> **Record extracts**:
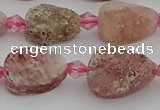 CBQ668 15.5 inches 8*12mm flat teardrop matte strawberry quartz beads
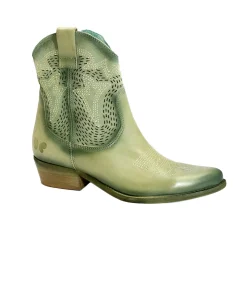 FELMINI D737 qatar verde stivale donna punta texano ricami forato zip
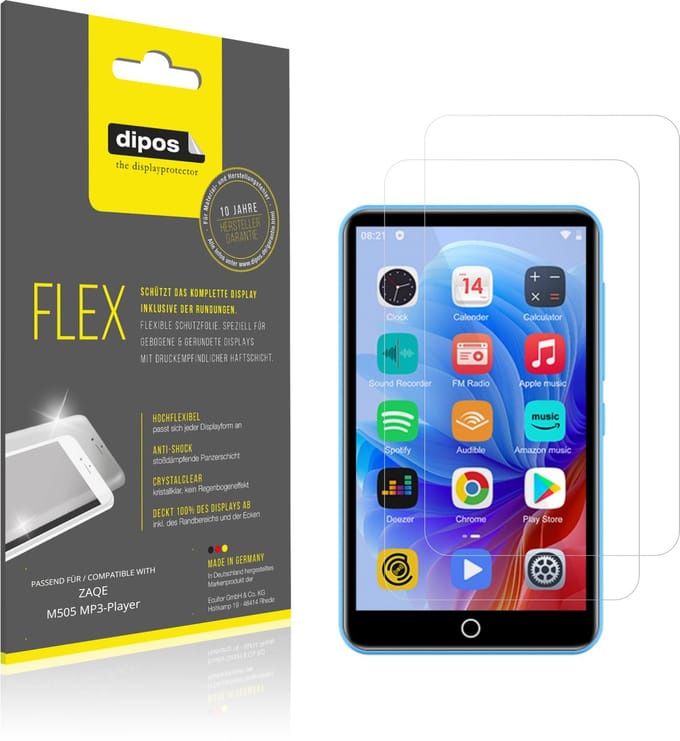 dipos – 2x Beschermfolie geschikt voor ZAQE M505 MP3-Player | 3D Full Cover Screenprotector | 100% Passend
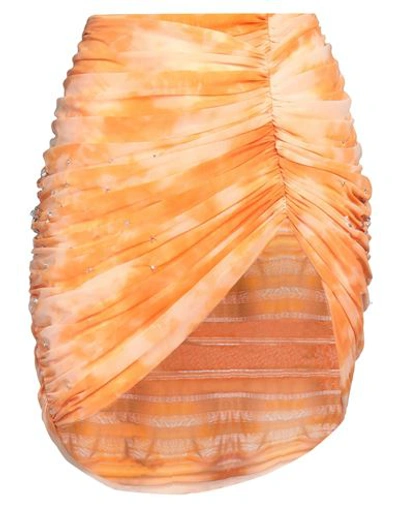 Shop Des Phemmes Des_phemmes Woman Mini Skirt Orange Size 6 Nylon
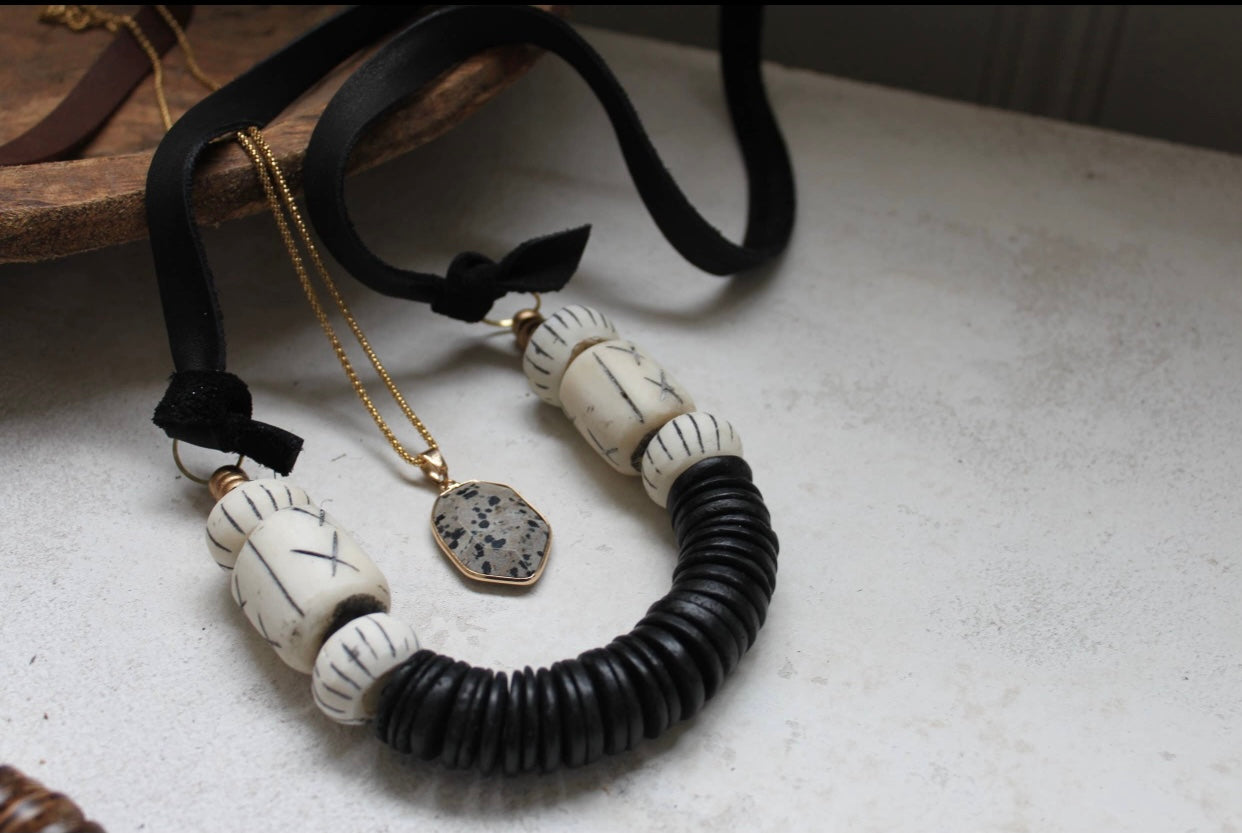 Dalmatian Jasper Pendant Necklace
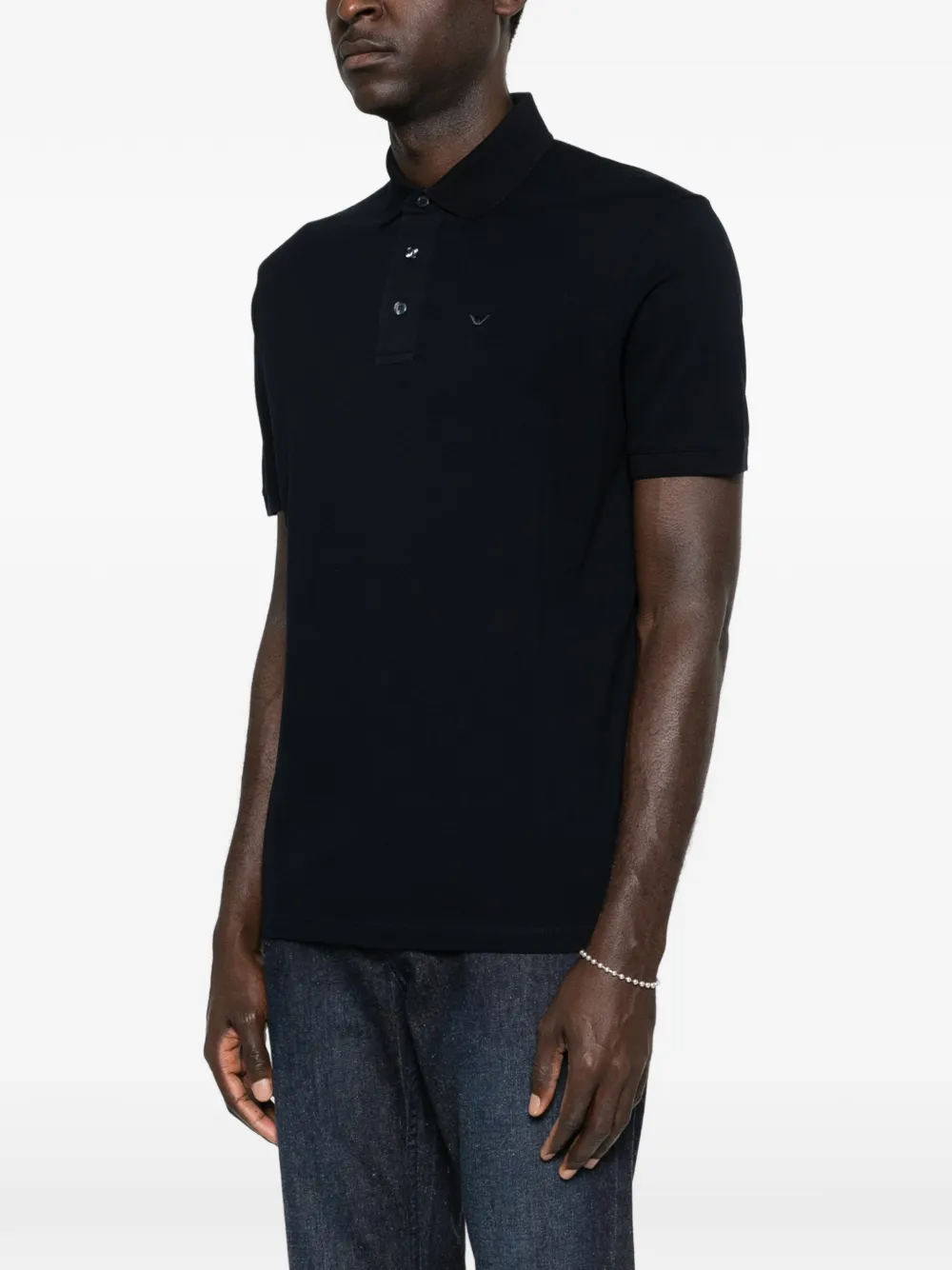 Emporio Armani Poloshirt met logoplakkaat en korte mouwen Zwart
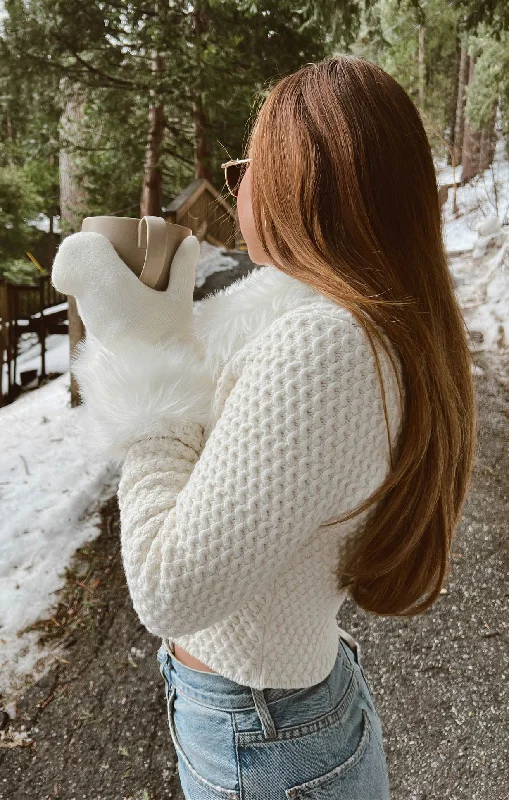 Zermatt Zip Up ~ White Pebble Knit with Faux Fur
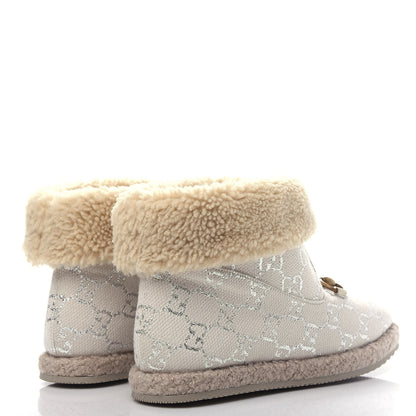 Gucci Canvas Wool Lame GG Monogram Womens Fria Horsebit Ankle Boots 36 Gardenia Silver Butterscotch 4 of 11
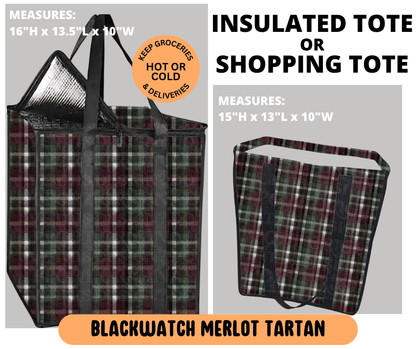 Preorder! Closes 6/29. ETA Sept. Blackwatch Merlot Tartan Shopping & Insulated Tote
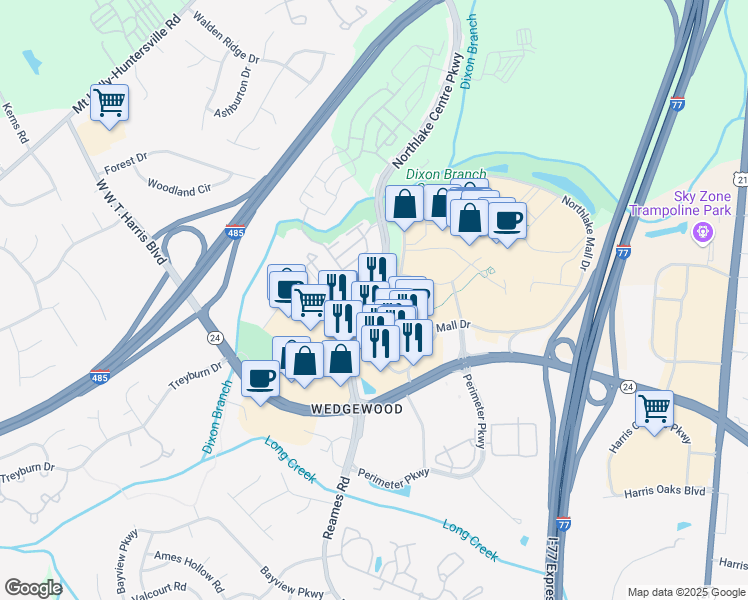 map of restaurants, bars, coffee shops, grocery stores, and more near 10903 Northlake Centre Parkway in Charlotte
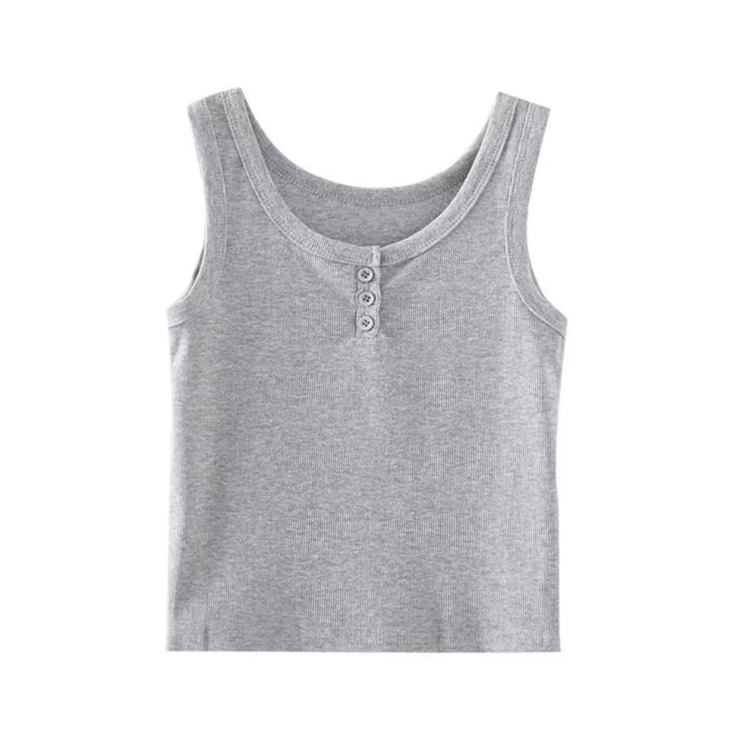 Ribbestrikket nedknappet tanktop for kvinner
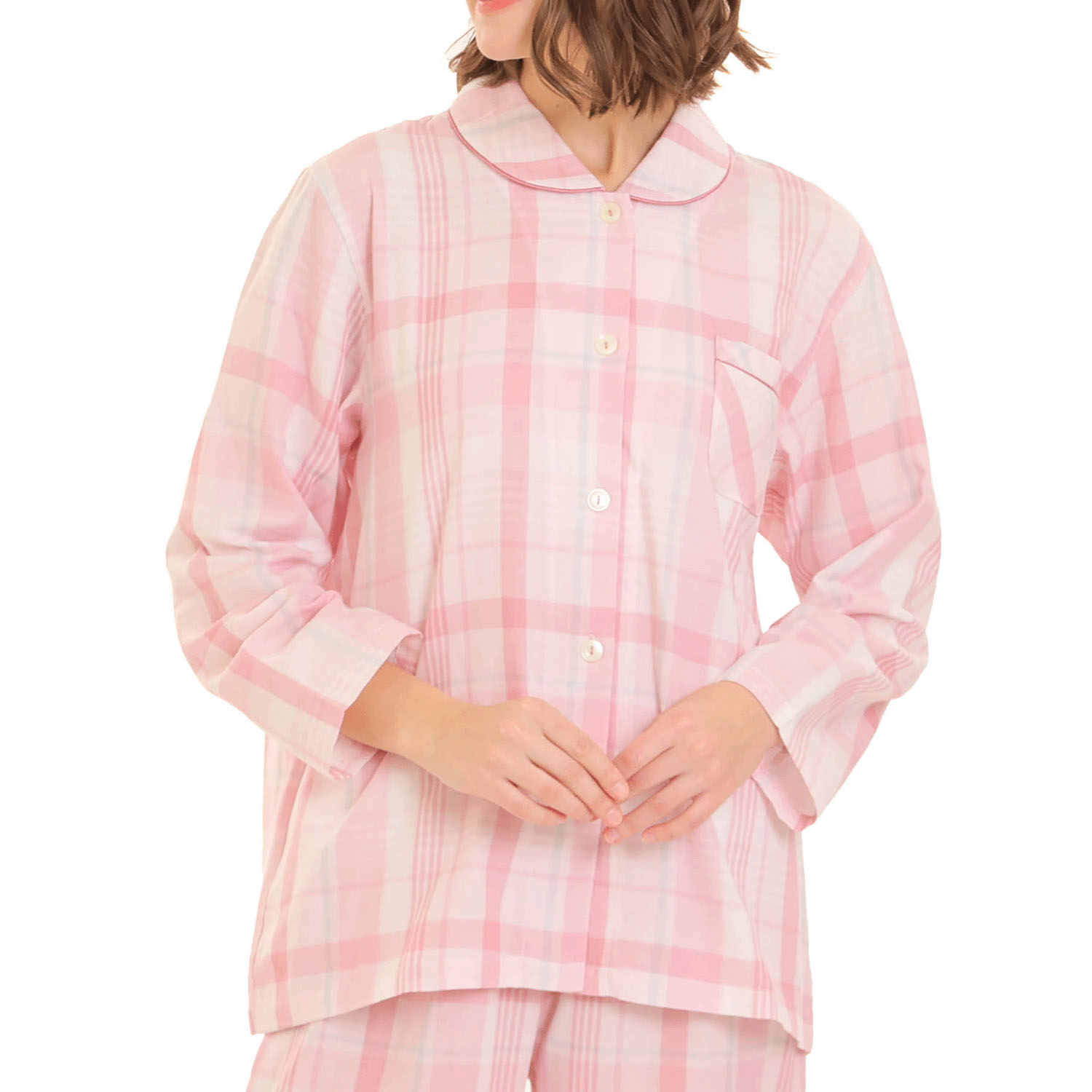 Narue ダブルガーゼマドラスチェックシャツパジャマ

> **Brief**:
Give back each line above exactly, with pictures dropped.

> **Answer for this exercise**:
 CBQ668 15.5 inches 8*12mm flat teardrop matte strawberry quartz beads
 FELMINI D737 qatar verde stivale donna punta texano ricami forato zip
 dipos – 2x Beschermfolie geschikt voor ZAQE M505 MP3-Player | 3D Full Cover Screenprotector | 100% Passend
 Shop Des Phemmes Des_phemmes Woman Mini Skirt Orange Size 6 Nylon
 Dalmatian Jasper Pendant Necklace
 Emporio Armani Poloshirt met logoplakkaat en korte mouwen Zwart
 Zermatt Zip Up ~ White Pebble Knit with Faux Fur
 Gucci Canvas Wool Lame GG Monogram Womens Fria Horsebit Ankle Boots 36 Gardenia Silver Butterscotch 4 of 11
 Preorder! Closes 6/29. ETA Sept. Blackwatch Merlot Tartan Shopping & Insulated Tote
 map of restaurants, bars, coffee shops, grocery stores, and more near 10903 Northlake Centre Parkway in Charlotte
 Ribbestrikket nedknappet tanktop for kvinner
 Narue ダブルガーゼマドラスチェックシャツパジャマ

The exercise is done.